SHANGHAI (AP) -- China says its manufacturing gained momentum for a fourth straight month in March, helped by a recovery in the auto, tobacco and electronics sectors.
The state-affiliated China Federation of Logistics and Purchasing said Sunday that its purchasing managers index, or PMI, rose 2.1 points to 53.1 in March, up from February's 51.0 and January's 50.5. A reading above 50 signifies expansion.
The rise in new factory orders suggests a recovery in various sectors, though federation analyst Zhang Liqun said there were still worrying signs of weakness in exports, investment and consumer demand.
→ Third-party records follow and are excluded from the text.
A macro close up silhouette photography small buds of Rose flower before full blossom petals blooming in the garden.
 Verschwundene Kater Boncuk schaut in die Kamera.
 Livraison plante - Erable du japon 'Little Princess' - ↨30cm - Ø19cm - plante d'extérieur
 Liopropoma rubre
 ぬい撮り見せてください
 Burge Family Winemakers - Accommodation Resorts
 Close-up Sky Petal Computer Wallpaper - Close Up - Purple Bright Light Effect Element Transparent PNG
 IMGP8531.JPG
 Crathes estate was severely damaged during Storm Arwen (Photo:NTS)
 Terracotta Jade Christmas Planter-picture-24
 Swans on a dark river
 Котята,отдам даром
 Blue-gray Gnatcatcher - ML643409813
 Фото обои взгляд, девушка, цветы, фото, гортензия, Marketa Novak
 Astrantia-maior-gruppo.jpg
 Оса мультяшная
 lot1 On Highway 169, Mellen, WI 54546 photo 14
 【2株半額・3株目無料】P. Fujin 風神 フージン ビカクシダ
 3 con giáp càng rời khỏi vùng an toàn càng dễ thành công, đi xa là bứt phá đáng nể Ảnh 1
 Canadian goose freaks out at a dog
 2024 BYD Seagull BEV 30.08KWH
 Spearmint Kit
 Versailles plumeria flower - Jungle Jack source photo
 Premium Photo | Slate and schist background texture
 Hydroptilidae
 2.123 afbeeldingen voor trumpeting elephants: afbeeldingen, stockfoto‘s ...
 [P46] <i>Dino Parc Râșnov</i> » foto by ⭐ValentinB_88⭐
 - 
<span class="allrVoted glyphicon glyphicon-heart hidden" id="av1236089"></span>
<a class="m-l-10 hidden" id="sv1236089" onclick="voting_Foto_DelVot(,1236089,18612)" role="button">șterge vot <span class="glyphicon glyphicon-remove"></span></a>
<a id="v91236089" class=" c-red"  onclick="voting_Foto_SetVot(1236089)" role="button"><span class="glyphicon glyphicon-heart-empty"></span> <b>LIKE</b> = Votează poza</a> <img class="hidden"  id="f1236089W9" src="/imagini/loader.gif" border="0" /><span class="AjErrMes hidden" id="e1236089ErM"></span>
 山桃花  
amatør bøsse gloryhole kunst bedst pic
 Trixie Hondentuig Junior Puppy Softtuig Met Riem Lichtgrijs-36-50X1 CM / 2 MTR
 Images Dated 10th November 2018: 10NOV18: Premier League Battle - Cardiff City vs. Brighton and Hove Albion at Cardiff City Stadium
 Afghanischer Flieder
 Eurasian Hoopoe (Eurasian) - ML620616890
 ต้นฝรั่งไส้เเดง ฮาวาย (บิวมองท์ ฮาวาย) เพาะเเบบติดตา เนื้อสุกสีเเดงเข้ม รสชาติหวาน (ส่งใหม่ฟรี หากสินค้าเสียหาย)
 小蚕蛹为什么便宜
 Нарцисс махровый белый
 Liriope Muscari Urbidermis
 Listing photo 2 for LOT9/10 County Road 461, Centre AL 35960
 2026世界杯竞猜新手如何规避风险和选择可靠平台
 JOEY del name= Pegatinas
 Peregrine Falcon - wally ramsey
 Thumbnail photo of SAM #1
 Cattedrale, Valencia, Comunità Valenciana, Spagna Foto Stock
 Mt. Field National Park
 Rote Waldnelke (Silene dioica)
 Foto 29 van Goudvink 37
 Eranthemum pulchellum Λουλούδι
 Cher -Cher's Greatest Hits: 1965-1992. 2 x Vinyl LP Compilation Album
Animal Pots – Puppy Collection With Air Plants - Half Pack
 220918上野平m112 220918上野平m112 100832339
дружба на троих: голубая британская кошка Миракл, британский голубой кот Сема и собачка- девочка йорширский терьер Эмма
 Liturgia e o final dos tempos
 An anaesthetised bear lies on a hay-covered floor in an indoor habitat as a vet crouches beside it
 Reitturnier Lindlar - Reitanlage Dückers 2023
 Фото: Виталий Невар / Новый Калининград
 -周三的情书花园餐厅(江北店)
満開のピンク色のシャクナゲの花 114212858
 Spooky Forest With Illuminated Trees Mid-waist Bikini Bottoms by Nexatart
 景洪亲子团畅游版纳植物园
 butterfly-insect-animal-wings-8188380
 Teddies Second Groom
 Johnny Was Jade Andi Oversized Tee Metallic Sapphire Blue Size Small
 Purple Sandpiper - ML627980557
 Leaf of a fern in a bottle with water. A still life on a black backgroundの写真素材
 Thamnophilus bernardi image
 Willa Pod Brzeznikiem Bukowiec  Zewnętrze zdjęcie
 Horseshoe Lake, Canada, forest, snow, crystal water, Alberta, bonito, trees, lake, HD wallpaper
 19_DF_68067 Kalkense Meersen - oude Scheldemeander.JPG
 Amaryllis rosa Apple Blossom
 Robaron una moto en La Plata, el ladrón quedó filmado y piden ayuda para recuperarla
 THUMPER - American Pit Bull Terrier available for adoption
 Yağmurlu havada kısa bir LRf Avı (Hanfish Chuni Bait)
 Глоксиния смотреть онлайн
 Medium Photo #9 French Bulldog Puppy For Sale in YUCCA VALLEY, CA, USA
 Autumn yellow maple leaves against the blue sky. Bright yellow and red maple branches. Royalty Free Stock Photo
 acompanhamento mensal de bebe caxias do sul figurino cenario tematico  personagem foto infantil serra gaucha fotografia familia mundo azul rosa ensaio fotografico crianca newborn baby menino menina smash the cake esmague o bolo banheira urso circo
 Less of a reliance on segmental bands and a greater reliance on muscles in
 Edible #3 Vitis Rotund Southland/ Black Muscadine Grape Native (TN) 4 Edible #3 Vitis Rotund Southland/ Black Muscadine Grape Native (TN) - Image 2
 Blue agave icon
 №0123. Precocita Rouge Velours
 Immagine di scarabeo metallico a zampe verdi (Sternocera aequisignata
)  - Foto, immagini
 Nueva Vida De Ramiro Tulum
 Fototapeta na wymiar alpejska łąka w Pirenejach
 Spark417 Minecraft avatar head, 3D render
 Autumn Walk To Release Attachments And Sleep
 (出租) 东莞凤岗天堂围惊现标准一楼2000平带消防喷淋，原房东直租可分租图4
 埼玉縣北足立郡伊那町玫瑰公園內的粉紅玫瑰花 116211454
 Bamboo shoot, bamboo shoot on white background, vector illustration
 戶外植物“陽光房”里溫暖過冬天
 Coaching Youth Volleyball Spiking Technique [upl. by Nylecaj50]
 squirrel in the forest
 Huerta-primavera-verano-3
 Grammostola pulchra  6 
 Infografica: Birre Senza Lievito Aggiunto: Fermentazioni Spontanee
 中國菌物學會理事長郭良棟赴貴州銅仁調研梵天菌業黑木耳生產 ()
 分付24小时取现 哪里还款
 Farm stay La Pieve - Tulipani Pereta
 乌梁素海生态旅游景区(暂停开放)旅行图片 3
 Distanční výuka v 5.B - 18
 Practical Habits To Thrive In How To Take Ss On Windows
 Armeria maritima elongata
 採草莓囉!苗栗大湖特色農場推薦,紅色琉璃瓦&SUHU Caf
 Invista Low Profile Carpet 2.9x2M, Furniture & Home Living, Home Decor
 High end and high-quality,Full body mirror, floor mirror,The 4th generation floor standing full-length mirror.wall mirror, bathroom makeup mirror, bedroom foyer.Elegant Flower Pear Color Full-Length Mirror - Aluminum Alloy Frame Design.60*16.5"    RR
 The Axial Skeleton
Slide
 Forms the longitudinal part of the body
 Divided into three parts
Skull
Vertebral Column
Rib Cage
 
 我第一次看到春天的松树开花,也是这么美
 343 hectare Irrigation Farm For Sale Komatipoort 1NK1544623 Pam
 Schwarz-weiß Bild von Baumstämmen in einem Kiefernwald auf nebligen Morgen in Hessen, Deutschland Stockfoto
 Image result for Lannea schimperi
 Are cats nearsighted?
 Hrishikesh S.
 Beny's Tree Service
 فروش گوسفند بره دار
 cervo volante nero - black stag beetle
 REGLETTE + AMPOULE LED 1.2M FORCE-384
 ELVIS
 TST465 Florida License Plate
TOKYO (AP) -- Revised estimates of the potential impact an offshore earthquake could have on Japan show that much of the country's Pacific coast could be inundated by a tsunami more than 20 meters (65 feet) high.
According to Japanese media reports Sunday, a government-commissioned panel of experts says a tsunami unleashed by a magnitude-9.0 earthquake in the Nankai trough, which runs east of Japan's main island of Honshu to the southern island of Kyushu, could top 34 meters (112 feet) at its highest.
An earlier forecast in 2003 put the potential maximum height of such a tsunami at less than 20 meters (66 feet).
The revisions are based on new research following last March's magnitude-9.0 earthquake and tsunami, which devastated a long stretch of Japan's northeastern coast.
JERUSALEM (AP) -- Hundreds of Christian pilgrims are visiting the Holy Land to mark Palm Sunday, the day Jesus Christ made his triumphant return to Jerusalem.
The faithful are expected to march from the Mount of Olives to the holy city behind a white donkey, retracing Jesus' traditional route from 2,000 years ago.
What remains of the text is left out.